# Excerpts from a dataset
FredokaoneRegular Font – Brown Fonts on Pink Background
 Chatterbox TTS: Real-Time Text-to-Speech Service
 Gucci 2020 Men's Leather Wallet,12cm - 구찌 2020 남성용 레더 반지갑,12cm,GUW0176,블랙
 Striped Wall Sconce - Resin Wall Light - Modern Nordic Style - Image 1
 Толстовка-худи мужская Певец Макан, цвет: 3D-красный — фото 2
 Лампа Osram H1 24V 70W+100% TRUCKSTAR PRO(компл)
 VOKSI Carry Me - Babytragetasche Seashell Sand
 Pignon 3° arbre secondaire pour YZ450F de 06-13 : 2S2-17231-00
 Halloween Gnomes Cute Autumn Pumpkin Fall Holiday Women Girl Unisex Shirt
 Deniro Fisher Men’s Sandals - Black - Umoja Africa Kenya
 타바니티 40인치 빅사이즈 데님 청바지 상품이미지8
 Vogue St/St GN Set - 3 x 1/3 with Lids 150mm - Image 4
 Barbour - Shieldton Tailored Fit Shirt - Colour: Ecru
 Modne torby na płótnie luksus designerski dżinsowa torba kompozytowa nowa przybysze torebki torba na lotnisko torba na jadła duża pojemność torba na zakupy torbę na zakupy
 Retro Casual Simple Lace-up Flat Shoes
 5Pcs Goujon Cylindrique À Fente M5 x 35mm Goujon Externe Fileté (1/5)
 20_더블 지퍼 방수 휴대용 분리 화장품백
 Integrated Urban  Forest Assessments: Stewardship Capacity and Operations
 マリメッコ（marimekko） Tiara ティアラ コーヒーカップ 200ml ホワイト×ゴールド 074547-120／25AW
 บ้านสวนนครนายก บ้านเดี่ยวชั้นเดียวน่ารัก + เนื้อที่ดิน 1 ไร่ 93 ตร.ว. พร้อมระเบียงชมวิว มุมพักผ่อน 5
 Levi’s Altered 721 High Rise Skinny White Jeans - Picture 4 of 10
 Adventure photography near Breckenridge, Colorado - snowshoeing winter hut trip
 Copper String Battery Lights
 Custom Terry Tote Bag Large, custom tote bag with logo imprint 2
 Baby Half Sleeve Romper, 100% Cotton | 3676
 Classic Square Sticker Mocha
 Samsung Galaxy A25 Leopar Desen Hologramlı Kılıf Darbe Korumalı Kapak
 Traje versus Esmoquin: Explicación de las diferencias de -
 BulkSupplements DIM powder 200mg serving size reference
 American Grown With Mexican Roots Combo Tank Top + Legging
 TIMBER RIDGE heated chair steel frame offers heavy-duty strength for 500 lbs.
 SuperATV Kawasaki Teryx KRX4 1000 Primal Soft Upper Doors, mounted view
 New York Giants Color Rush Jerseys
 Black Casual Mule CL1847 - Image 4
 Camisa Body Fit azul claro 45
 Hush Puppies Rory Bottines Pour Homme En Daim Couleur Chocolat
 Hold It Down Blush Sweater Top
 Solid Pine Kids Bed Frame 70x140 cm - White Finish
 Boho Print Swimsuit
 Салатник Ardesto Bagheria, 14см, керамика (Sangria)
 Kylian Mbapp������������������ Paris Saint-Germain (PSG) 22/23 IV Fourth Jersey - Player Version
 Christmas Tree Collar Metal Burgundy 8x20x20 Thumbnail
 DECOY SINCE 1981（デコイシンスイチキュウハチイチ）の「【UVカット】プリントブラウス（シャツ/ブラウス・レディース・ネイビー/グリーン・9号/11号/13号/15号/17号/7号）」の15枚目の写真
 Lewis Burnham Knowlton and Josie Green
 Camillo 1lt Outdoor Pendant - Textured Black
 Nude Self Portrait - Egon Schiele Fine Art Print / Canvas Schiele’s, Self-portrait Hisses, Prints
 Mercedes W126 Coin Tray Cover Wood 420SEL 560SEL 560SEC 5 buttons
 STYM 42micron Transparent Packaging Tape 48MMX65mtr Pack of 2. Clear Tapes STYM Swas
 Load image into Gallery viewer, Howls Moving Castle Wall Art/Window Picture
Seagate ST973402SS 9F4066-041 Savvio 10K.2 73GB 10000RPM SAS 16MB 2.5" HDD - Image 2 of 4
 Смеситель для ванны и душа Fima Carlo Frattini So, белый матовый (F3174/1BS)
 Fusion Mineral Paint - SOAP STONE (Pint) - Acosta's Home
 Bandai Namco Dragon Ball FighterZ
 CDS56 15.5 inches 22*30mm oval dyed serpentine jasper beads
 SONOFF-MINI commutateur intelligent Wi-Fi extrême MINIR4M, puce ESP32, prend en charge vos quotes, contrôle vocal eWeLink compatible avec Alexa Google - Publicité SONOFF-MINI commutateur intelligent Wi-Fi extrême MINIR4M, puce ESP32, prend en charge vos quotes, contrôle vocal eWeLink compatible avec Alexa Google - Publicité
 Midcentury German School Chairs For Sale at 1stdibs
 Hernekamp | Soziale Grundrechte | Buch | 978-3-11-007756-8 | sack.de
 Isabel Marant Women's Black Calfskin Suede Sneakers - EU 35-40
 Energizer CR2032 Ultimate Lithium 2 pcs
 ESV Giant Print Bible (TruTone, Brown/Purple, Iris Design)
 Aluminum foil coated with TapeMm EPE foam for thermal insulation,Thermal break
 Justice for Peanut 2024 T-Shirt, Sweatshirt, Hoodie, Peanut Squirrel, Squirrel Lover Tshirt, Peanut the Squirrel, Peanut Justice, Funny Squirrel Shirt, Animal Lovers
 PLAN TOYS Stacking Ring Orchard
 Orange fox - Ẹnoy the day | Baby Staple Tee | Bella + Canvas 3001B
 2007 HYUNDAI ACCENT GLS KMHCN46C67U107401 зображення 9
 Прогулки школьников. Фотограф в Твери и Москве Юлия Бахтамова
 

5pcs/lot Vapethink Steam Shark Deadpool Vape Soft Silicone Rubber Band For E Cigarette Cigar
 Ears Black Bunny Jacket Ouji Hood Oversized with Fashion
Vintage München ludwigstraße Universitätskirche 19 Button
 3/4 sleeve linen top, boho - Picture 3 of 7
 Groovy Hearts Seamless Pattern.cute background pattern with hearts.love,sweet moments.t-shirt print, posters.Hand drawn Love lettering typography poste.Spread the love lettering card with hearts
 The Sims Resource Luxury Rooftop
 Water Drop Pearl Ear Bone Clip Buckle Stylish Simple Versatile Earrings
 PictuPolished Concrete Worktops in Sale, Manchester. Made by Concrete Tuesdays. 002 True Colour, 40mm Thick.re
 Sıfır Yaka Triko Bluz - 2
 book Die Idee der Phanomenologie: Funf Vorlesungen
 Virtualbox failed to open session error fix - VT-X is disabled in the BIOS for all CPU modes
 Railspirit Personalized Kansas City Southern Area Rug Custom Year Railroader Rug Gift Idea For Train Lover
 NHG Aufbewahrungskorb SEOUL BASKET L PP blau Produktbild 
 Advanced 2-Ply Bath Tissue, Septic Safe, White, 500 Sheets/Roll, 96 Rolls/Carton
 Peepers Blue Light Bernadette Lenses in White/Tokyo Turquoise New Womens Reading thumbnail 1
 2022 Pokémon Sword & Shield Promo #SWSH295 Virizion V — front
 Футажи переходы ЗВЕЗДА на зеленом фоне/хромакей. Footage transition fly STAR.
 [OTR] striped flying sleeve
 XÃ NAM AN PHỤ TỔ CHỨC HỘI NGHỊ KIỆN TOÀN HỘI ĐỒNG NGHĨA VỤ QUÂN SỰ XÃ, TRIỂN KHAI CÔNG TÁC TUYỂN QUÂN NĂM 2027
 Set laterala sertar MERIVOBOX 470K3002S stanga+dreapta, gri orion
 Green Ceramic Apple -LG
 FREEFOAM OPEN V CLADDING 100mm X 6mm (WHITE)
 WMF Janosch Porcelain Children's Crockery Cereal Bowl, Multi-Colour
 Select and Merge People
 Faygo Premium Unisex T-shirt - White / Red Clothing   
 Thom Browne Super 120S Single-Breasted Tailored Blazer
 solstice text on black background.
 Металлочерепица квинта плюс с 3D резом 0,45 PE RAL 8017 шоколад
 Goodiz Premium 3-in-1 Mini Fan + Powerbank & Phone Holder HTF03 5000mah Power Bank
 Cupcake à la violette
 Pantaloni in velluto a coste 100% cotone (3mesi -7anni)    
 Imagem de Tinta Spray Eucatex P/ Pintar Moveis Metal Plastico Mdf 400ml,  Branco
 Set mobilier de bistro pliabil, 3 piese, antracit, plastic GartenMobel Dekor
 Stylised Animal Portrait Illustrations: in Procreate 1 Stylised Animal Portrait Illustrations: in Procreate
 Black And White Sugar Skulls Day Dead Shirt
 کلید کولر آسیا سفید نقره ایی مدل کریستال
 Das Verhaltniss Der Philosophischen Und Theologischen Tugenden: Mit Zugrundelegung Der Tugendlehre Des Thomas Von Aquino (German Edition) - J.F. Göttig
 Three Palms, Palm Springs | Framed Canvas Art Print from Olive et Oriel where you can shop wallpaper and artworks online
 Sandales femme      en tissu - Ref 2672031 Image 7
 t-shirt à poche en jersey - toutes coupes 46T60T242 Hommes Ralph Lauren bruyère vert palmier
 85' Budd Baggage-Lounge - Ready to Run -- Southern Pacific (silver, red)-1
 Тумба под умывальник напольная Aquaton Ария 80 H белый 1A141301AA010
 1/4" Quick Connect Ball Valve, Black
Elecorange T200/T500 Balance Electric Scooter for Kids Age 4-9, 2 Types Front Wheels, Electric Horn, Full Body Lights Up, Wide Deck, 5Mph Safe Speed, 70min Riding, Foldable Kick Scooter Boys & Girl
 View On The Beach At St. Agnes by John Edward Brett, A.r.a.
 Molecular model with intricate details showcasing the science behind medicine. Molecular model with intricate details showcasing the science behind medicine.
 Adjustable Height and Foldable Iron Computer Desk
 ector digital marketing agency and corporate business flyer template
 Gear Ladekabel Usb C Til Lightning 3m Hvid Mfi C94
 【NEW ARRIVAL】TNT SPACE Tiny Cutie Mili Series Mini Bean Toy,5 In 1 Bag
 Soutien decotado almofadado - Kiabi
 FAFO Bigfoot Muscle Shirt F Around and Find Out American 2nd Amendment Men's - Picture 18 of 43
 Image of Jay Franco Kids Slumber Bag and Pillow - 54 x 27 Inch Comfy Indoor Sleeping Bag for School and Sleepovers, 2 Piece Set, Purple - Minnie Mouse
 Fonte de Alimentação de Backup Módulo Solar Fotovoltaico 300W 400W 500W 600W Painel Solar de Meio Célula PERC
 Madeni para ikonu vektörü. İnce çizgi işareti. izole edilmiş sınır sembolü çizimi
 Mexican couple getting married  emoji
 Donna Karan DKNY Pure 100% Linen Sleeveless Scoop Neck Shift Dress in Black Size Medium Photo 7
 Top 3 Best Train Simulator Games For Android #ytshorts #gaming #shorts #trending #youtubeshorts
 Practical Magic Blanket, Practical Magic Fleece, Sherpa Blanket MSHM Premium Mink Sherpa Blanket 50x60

# WHAT IS REQUIRED
Transcribe each line of the data above, unaltered, from the one where "Seagate ST973402SS 9F4066-041" appears to the one where "3/4 sleeve linen top, boho - Picture 3 of 7" appears, inclusive of both.

# ANSWER AREA
Seagate ST973402SS 9F4066-041 Savvio 10K.2 73GB 10000RPM SAS 16MB 2.5" HDD - Image 2 of 4
 Смеситель для ванны и душа Fima Carlo Frattini So, белый матовый (F3174/1BS)
 Fusion Mineral Paint - SOAP STONE (Pint) - Acosta's Home
 Bandai Namco Dragon Ball FighterZ
 CDS56 15.5 inches 22*30mm oval dyed serpentine jasper beads
 SONOFF-MINI commutateur intelligent Wi-Fi extrême MINIR4M, puce ESP32, prend en charge vos quotes, contrôle vocal eWeLink compatible avec Alexa Google - Publicité SONOFF-MINI commutateur intelligent Wi-Fi extrême MINIR4M, puce ESP32, prend en charge vos quotes, contrôle vocal eWeLink compatible avec Alexa Google - Publicité
 Midcentury German School Chairs For Sale at 1stdibs
 Hernekamp | Soziale Grundrechte | Buch | 978-3-11-007756-8 | sack.de
 Isabel Marant Women's Black Calfskin Suede Sneakers - EU 35-40
 Energizer CR2032 Ultimate Lithium 2 pcs
 ESV Giant Print Bible (TruTone, Brown/Purple, Iris Design)
 Aluminum foil coated with TapeMm EPE foam for thermal insulation,Thermal break
 Justice for Peanut 2024 T-Shirt, Sweatshirt, Hoodie, Peanut Squirrel, Squirrel Lover Tshirt, Peanut the Squirrel, Peanut Justice, Funny Squirrel Shirt, Animal Lovers
 PLAN TOYS Stacking Ring Orchard
 Orange fox - Ẹnoy the day | Baby Staple Tee | Bella + Canvas 3001B
 2007 HYUNDAI ACCENT GLS KMHCN46C67U107401 зображення 9
 Прогулки школьников. Фотограф в Твери и Москве Юлия Бахтамова
 

5pcs/lot Vapethink Steam Shark Deadpool Vape Soft Silicone Rubber Band For E Cigarette Cigar
 Ears Black Bunny Jacket Ouji Hood Oversized with Fashion
Vintage München ludwigstraße Universitätskirche 19 Button
 3/4 sleeve linen top, boho - Picture 3 of 7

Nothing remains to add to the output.